Dans l’urgence, vous devez prendre rapidement des décisions concernant la sécurité de vos salariés, la poursuite ou la suspension de votre activité, ainsi que l’organisation de vos ressources humaines et matérielles. Pour autant, ces décisions doivent rester maîtrisées et s’inscrire dans le respect des règles du droit du travail.

Cette FAQ a vocation à vous fournir des repères clairs et opérationnels pour vous aider à sécuriser vos décisions et à faire face aux conséquences de ces événements exceptionnels.

Si les éléments partagés visent la situation exceptionnelle et inédite à laquelle le Sud-Ouest est confronté, certains peuvent tout à fait être transposés dans d’autres situations analogues dans le Var, en Corse, etc. sous réserve de prendre connaissance des communications et recommandations locales ainsi que des arrêtés préfectoraux.

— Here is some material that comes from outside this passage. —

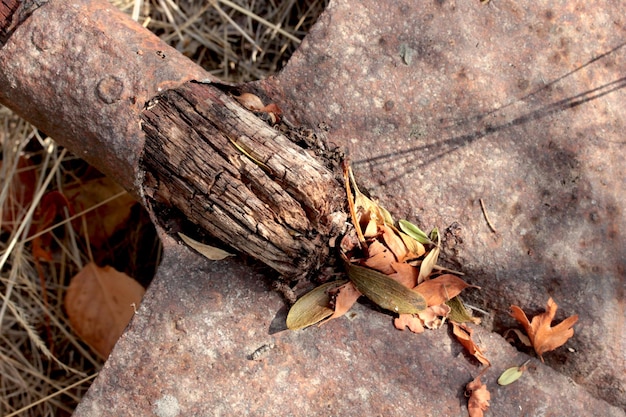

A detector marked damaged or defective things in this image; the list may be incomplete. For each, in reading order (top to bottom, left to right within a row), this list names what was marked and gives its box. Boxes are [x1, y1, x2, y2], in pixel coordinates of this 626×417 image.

aged metal rust [0, 0, 210, 197]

Les incendies répondent-ils aux critères juridiques de la force majeure ?

Le cas de force majeure est un évènement extérieur qui ne peut être ni prévu, ni empêché.

 DéfinitionCas des incendies
ExtérioritéL’événement doit être extérieur à la personne ou à l’entreprise.Les incendies sont extérieurs à l’entreprise → critère rempli.
ImprévisibilitéL’événement ne pouvait pas être raisonnablement anticipé.Les incendies sont récurrents chaque été en Gironde (même si l’ampleur n’est pas la même) → critère non rempli.
IrrésistibilitéL’événement rend impossible l’exécution de l’obligation.Les évacuationsinterdictions d’accèsroutes coupées et risques immédiats ont empêché toute poursuite normale de l’activité → critère rempli.

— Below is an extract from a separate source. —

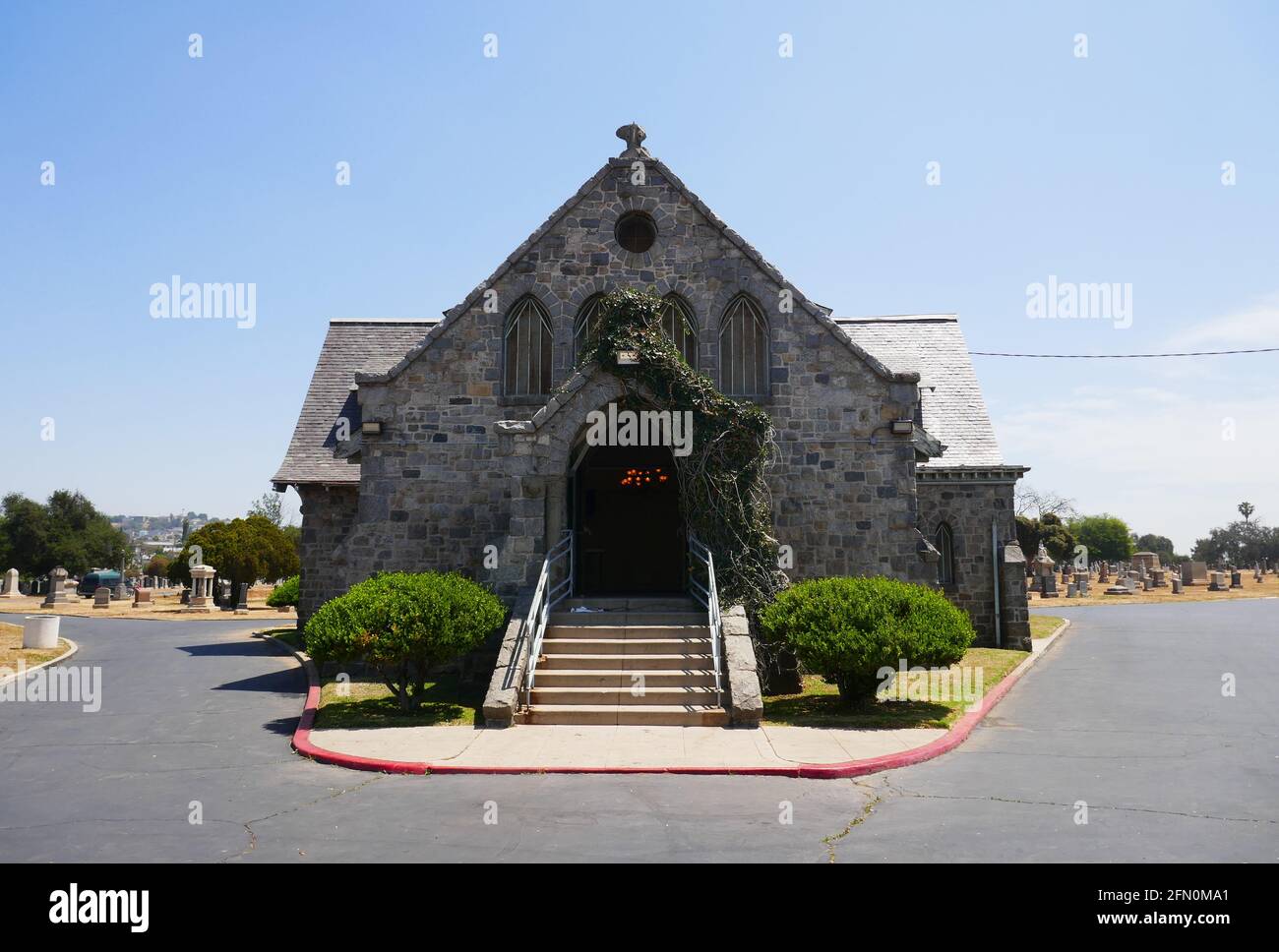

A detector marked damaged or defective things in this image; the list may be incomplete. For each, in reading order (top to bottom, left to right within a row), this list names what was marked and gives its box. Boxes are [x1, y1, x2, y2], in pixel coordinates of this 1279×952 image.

crack in pavement [224, 771, 384, 863]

Selon nous, les incendies en Gironde ne remplissent pas l’ensemble des critères de la force majeure. Si l’extériorité et l’irrésistibilité sont avérées, le critère d’imprévisibilité n’est pas satisfait, car les feux de forêt sont des phénomènes récurrents dans la région et ne peuvent, même au vu de leur ampleur exceptionnelle, être considérés comme totalement imprévisibles. 

Les incendies me permettent-ils de rompre certains contrats de travail ?

Comme indiqué ci-dessus, les incendies ne constituent pas, malgré leur ampleur, un cas de force majeure. Par conséquent, cette circonstance ne vous permet pas, à elle seule, de rompre de manière anticipée un contrat à durée déterminée (CDD), un contrat saisonnier ou une période d’essai pour ce motif.

Il convient donc de rester vigilant et d’appliquer les règles habituelles du droit du travail en matière de gestion des contrats.

L’activité peut-elle être maintenue malgré les incendies ?

Les incendies peuvent avoir des conséquences importantes sur les conditions de travail  (fumées, pollution, évacuations, accès difficiles, coupures de réseaux ou dégradation des locaux).

Dans ce contexte, vous ne pouvez maintenir votre activité que si vous êtes en mesure d’assurer la sécurité de vos salariés et de protéger leur santé physique et mentale.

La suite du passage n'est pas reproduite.